### What you will do
Please take the records that follow and repeat exactly the lines starting with the line with "Продам изоляторы потроны,предохранители" and going on through the line with "Caneca de Porcelana".

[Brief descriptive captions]
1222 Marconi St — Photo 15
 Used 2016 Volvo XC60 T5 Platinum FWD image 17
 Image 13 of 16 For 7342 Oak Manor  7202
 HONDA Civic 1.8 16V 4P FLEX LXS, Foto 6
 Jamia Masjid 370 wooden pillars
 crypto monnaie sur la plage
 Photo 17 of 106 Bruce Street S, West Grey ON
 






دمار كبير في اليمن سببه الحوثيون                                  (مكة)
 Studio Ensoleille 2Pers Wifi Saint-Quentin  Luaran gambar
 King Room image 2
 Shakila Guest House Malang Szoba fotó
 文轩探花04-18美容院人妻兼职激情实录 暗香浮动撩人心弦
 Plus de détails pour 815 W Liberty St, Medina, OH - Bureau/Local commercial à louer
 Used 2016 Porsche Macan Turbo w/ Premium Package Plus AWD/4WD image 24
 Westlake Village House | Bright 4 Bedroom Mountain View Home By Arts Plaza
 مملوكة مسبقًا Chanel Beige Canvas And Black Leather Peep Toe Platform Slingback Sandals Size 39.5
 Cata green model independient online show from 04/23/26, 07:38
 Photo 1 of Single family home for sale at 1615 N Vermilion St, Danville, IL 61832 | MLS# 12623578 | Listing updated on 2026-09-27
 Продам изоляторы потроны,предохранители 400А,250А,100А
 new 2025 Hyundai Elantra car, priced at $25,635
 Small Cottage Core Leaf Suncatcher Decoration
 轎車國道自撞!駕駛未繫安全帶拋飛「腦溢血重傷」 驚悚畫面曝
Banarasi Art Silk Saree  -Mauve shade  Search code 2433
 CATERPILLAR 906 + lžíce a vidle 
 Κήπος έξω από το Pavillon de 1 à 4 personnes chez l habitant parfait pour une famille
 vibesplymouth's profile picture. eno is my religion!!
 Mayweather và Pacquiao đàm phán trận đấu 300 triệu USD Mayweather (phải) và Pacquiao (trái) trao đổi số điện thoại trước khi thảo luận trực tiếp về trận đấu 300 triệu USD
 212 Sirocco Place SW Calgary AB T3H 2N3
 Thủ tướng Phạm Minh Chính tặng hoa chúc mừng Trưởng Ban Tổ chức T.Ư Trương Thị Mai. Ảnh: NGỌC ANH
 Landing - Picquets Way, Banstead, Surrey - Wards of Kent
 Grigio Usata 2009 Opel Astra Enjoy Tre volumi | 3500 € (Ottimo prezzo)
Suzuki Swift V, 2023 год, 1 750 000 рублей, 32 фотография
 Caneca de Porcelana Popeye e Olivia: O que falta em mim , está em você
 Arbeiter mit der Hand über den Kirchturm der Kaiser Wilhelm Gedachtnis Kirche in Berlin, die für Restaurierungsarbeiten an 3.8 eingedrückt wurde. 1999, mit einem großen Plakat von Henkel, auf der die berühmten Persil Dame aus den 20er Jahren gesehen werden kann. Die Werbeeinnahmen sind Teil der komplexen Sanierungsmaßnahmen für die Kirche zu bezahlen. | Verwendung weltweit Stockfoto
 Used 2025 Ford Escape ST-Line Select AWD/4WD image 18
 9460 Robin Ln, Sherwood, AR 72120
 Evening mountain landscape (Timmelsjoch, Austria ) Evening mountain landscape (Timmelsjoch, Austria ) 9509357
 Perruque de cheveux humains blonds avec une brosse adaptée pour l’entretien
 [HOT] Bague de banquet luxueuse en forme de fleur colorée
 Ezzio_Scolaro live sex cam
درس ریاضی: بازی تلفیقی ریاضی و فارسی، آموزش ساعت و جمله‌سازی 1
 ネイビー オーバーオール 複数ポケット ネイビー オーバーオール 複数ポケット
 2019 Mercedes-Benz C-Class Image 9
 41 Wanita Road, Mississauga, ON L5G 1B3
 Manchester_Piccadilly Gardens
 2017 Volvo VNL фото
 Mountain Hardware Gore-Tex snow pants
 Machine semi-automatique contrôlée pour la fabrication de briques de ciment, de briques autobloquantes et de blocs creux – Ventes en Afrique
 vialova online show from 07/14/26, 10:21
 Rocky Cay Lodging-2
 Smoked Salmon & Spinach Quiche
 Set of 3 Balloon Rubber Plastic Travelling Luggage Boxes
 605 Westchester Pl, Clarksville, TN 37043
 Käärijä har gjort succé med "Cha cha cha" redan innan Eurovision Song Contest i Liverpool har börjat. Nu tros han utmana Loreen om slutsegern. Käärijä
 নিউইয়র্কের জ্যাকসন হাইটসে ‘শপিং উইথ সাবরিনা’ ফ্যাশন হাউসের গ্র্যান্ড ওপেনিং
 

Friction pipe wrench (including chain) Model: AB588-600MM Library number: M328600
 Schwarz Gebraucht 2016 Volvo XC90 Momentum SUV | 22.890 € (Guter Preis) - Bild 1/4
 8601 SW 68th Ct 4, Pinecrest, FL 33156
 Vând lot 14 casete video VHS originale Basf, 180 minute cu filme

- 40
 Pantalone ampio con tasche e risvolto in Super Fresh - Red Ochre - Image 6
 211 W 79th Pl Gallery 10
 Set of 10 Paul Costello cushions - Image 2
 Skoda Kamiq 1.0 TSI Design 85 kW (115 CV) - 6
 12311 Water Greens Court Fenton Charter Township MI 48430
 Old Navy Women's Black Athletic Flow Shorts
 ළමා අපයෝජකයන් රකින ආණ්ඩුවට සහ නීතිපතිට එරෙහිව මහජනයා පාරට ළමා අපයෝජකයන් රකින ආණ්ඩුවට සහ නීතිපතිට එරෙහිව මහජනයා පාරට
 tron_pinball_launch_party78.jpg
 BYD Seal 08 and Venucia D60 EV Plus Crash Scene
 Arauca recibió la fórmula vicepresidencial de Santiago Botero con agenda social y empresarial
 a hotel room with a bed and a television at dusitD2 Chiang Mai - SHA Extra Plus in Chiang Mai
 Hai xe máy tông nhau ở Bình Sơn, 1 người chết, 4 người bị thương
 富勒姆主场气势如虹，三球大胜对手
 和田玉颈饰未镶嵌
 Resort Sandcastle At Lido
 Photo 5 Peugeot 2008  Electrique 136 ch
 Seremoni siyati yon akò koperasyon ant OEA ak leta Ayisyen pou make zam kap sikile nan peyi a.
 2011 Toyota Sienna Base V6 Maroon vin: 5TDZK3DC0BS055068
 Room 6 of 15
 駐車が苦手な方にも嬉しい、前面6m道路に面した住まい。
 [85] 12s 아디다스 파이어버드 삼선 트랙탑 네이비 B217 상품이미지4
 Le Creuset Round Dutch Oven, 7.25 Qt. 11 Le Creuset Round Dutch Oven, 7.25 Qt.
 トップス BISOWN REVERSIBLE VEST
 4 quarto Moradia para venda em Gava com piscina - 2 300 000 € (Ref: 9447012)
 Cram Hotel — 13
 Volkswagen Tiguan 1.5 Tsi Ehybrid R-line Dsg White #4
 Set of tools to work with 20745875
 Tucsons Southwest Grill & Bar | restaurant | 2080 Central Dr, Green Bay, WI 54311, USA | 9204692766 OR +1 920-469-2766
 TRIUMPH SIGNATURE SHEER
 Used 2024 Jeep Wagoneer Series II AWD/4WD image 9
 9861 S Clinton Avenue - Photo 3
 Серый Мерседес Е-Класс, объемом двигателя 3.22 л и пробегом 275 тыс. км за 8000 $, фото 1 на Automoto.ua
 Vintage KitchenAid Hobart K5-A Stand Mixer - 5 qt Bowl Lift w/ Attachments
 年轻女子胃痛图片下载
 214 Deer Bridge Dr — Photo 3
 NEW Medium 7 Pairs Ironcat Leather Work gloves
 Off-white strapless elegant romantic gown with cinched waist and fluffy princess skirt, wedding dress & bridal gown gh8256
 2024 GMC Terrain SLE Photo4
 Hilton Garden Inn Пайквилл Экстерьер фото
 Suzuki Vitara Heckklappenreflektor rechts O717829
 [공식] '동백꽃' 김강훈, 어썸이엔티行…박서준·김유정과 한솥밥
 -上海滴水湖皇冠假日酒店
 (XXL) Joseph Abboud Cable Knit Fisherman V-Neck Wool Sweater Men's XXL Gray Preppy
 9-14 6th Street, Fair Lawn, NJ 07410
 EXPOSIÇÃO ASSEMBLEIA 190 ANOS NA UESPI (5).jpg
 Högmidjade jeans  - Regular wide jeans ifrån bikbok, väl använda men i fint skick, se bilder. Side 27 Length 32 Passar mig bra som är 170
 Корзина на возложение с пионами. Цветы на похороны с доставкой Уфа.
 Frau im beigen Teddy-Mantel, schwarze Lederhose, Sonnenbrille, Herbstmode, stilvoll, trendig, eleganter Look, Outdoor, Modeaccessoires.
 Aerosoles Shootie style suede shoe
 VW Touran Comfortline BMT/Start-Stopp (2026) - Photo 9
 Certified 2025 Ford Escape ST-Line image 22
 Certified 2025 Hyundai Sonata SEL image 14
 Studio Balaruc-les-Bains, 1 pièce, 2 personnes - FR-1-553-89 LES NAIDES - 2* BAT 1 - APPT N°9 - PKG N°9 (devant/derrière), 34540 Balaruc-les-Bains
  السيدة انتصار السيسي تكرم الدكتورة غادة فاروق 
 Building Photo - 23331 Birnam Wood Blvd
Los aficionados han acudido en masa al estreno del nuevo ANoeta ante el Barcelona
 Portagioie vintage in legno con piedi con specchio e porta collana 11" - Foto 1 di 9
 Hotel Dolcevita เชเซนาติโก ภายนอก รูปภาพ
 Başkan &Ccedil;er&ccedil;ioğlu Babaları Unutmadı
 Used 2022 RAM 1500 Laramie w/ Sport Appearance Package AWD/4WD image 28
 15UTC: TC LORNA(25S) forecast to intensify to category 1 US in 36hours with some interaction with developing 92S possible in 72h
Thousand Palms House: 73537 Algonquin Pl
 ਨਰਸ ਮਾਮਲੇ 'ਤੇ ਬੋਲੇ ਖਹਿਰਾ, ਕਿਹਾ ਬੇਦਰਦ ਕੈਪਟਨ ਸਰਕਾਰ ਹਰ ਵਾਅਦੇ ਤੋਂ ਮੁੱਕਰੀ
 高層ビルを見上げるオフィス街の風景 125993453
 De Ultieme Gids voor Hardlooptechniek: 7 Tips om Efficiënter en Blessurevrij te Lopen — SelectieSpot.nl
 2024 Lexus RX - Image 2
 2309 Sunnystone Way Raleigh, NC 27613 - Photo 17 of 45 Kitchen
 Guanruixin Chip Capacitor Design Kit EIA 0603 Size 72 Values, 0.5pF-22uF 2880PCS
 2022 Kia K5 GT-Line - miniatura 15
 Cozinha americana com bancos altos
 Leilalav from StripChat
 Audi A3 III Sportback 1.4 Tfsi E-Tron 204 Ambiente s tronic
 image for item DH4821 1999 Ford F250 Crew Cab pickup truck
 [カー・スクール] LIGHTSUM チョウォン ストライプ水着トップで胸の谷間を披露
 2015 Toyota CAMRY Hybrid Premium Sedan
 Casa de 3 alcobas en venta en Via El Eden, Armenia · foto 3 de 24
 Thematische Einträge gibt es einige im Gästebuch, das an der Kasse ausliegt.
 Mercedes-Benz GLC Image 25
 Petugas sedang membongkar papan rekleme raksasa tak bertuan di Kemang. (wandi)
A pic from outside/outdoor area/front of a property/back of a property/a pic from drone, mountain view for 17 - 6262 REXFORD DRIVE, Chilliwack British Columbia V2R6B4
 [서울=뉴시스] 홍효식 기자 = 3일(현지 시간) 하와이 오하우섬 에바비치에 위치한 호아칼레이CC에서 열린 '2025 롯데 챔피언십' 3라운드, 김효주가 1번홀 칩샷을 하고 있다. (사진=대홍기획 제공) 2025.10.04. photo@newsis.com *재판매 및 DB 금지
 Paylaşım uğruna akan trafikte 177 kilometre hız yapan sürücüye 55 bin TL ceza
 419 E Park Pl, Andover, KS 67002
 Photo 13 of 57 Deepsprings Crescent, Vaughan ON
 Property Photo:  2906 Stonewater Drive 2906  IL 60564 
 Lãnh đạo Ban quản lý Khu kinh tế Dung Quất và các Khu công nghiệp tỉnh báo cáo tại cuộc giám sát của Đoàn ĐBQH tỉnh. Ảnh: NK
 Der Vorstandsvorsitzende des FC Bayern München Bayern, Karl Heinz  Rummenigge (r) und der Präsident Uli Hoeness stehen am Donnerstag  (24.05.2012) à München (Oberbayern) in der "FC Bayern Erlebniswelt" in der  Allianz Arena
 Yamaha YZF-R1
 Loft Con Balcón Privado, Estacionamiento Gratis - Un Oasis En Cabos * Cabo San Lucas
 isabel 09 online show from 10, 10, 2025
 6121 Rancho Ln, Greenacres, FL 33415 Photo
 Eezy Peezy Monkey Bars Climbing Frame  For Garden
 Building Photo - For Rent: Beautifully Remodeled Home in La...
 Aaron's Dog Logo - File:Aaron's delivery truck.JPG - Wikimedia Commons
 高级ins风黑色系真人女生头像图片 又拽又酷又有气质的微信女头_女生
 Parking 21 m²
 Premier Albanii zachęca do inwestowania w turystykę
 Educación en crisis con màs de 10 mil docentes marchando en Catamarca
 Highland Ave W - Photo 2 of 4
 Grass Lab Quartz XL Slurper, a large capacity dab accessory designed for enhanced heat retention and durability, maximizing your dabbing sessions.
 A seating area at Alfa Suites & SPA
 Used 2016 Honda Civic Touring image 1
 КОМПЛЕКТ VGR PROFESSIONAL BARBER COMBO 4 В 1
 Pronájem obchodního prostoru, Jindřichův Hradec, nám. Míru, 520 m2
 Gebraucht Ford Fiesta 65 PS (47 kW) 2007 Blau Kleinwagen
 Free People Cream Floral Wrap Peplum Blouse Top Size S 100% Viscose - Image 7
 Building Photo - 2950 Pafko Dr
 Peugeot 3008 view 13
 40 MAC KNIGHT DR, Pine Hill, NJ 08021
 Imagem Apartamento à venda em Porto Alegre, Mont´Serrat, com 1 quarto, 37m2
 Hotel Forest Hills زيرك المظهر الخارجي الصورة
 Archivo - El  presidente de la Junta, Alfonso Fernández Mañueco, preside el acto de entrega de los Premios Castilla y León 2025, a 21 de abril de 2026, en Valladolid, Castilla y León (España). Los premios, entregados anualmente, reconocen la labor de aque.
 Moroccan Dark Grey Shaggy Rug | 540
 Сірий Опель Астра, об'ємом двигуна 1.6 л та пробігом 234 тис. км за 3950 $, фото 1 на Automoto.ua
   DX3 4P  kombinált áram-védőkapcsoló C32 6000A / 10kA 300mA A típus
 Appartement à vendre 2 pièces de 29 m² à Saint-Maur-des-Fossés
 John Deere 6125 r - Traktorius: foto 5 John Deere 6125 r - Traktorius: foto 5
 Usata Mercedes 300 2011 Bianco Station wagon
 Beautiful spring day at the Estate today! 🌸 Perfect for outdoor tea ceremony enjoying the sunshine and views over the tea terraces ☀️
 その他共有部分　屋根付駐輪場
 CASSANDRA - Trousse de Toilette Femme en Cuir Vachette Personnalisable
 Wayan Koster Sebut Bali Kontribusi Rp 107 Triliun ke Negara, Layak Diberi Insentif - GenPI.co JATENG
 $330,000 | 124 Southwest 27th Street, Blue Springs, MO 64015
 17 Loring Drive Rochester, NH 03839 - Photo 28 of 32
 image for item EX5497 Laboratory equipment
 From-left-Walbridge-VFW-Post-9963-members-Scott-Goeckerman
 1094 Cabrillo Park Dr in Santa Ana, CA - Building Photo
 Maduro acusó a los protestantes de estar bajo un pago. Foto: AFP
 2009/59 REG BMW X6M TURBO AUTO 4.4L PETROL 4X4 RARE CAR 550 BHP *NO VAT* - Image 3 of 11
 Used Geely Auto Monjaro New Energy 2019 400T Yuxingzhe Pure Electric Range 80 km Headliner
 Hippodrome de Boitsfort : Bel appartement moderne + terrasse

### Task answer
 Продам изоляторы потроны,предохранители 400А,250А,100А
 new 2025 Hyundai Elantra car, priced at $25,635
 Small Cottage Core Leaf Suncatcher Decoration
 轎車國道自撞!駕駛未繫安全帶拋飛「腦溢血重傷」 驚悚畫面曝
Banarasi Art Silk Saree  -Mauve shade  Search code 2433
 CATERPILLAR 906 + lžíce a vidle 
 Κήπος έξω από το Pavillon de 1 à 4 personnes chez l habitant parfait pour une famille
 vibesplymouth's profile picture. eno is my religion!!
 Mayweather và Pacquiao đàm phán trận đấu 300 triệu USD Mayweather (phải) và Pacquiao (trái) trao đổi số điện thoại trước khi thảo luận trực tiếp về trận đấu 300 triệu USD
 212 Sirocco Place SW Calgary AB T3H 2N3
 Thủ tướng Phạm Minh Chính tặng hoa chúc mừng Trưởng Ban Tổ chức T.Ư Trương Thị Mai. Ảnh: NGỌC ANH
 Landing - Picquets Way, Banstead, Surrey - Wards of Kent
 Grigio Usata 2009 Opel Astra Enjoy Tre volumi | 3500 € (Ottimo prezzo)
Suzuki Swift V, 2023 год, 1 750 000 рублей, 32 фотография
 Caneca de Porcelana Popeye e Olivia: O que falta em mim , está em você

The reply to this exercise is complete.